= Paul Tosio =

Paul Tosio is a dual British-South African educational specialist and a psychologist qualified at the University of Oxford. He is an alumnus of New College Oxford University.

==Personal life==
Tosio is a graduate of Rhodes University and the University of Oxford. During his first three degrees at Rhodes he was awarded full academic colours and numerous scholarships. Following this, he read for an MSc in Experimental Psychology at the University of Oxford. This was his fourth degree.

Tosio now resides permanently in Cape Town, South Africa, and travels extensively to teach.
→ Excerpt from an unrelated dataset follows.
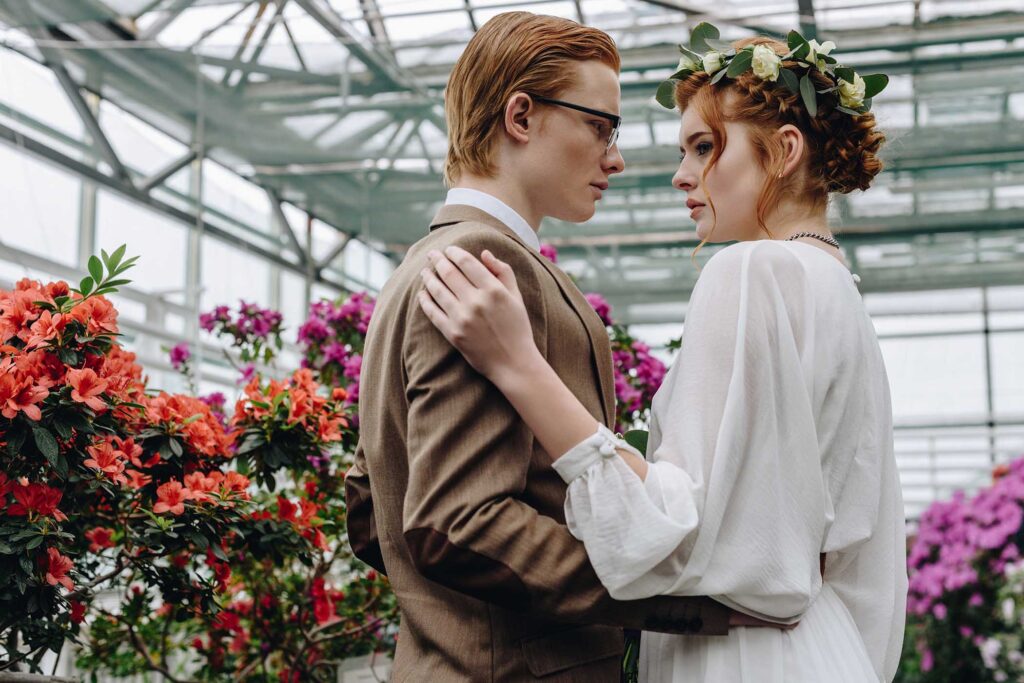 beautiful-young-red-haired-wedding-couple-embracin-RXR4R3H.jpg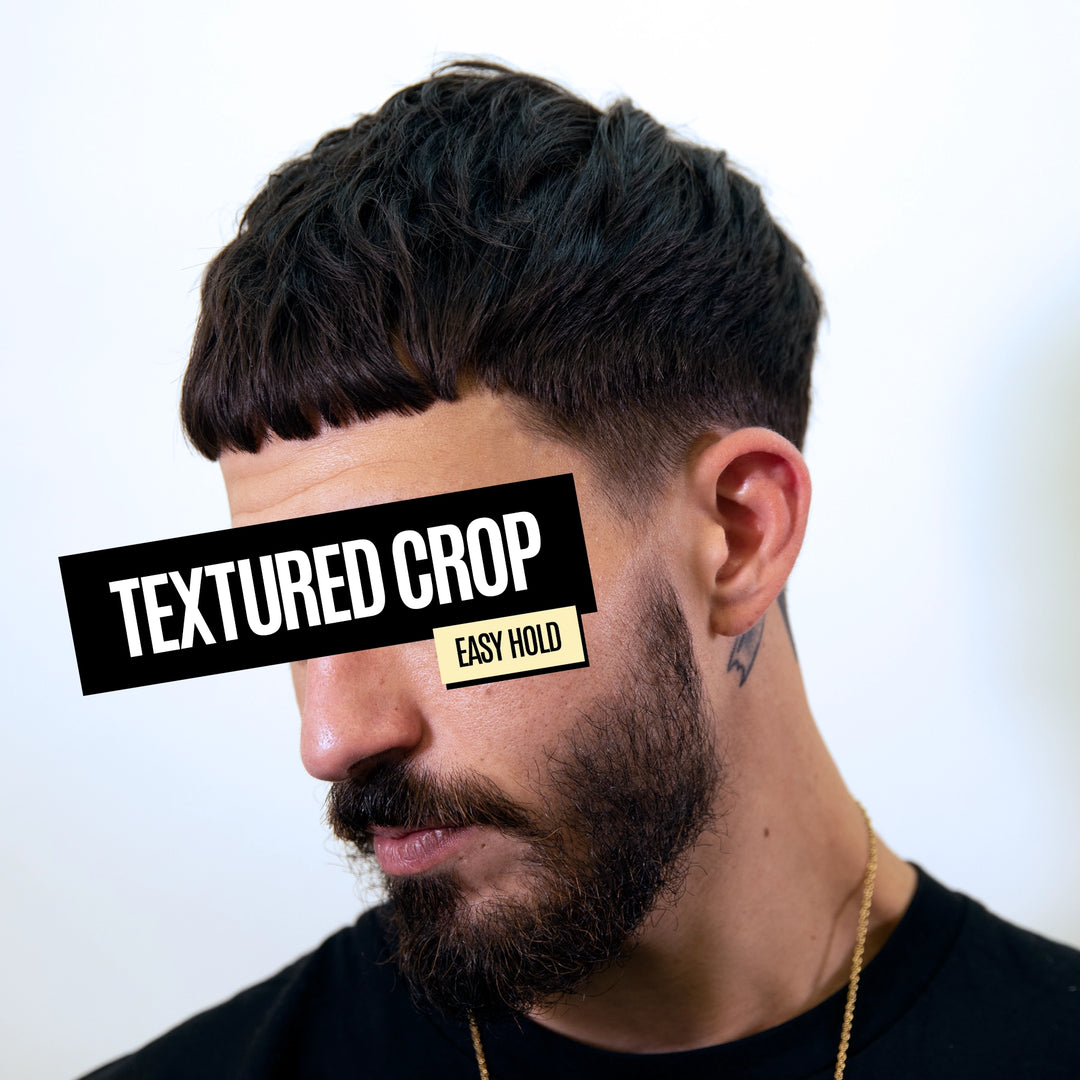 A close-up portrait of a man with short, textured dark hair, a beard, and a black crew cut, wearing a black shirt and gold chain. A black text overlay reads 'TEXTURED CROP' and a smaller yellow label says 'EASY HOLD' against a plain light background.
==Study skills specialist==
Tosio is the developer and director of the Easy Cheetah Study Skills Program and its predecessor The Juno Study Course. In this capacity he has trained study skills around the world with students from hundreds of educational institutions. These include prestigious high schools around the globe such as the Oprah Winfrey Leadership Academy for Girls, Hilton College (South Africa), Michaelhouse, Santa Fe Preparatory School, Herschel Girls School, Tanglin Trust School, St John's College, Johannesburg, St Paul's School, Brazil, Repton School Dubai, St. Andrew's College, Grahamstown, St. Cyprian's School, Cape Town, Dubai British School, Rondebosch Boys' High School, the International School Amsterdam, Sharjah English School, Brookhouse School among many others.

Tosio developed and began teaching The Juno Study Course in December 2000. The course teaches the skills which helped him succeed academically, including visual memory, speed reading, relaxation techniques and exam strategy. The program now operates as Easy Cheetah, which now incorporates various Visible Learning techniques to enhance its effectiveness.

==Media presence==
As a study skills specialist, Tosio has frequently been featured in the media, including in regional South African papers such as Eastern Province Herald, The Randburg Sun, The Sandton Chronicle and South Africa's oldest surviving independent Newspaper the Grocott's Mail. He has contributed regularly to radio shows including Radio 702 (interviewers Jenny Crwys Williams and Eusebius McKaiser), Cape Talk (interviewers Soli Philander and Africa Melane), the BBC (interviewer Jonathan Hancock) and SAFM (interviewer Thabiso Sikwane). Through this and his publication contributions his study skills have been disseminated to millions of students around the world. Tosio has been employed by people including Raymond Ackerman and Irvin Khoza of the Orlando Pirates to train his skills.

==Theatre and Literary Work==
Tosio has worked as actor, director and playwright. As a performer, he has frequently been praised in terms of vocal aptitude and physicality. Tosio was the title character in the premiere of Tim Benjamin’s The Corley Conspiracy. He is one of the founding members of the Oxford University Playwriting and Dramaturgy Society and frequently writes in collaboration with Dr Barbara Whitfield. Their first full-length screenplay, One Small Step, was optioned by Stanley Road Productions. The two are represented by literary agency Jenny Brown Associates in Edinburgh, Scotland.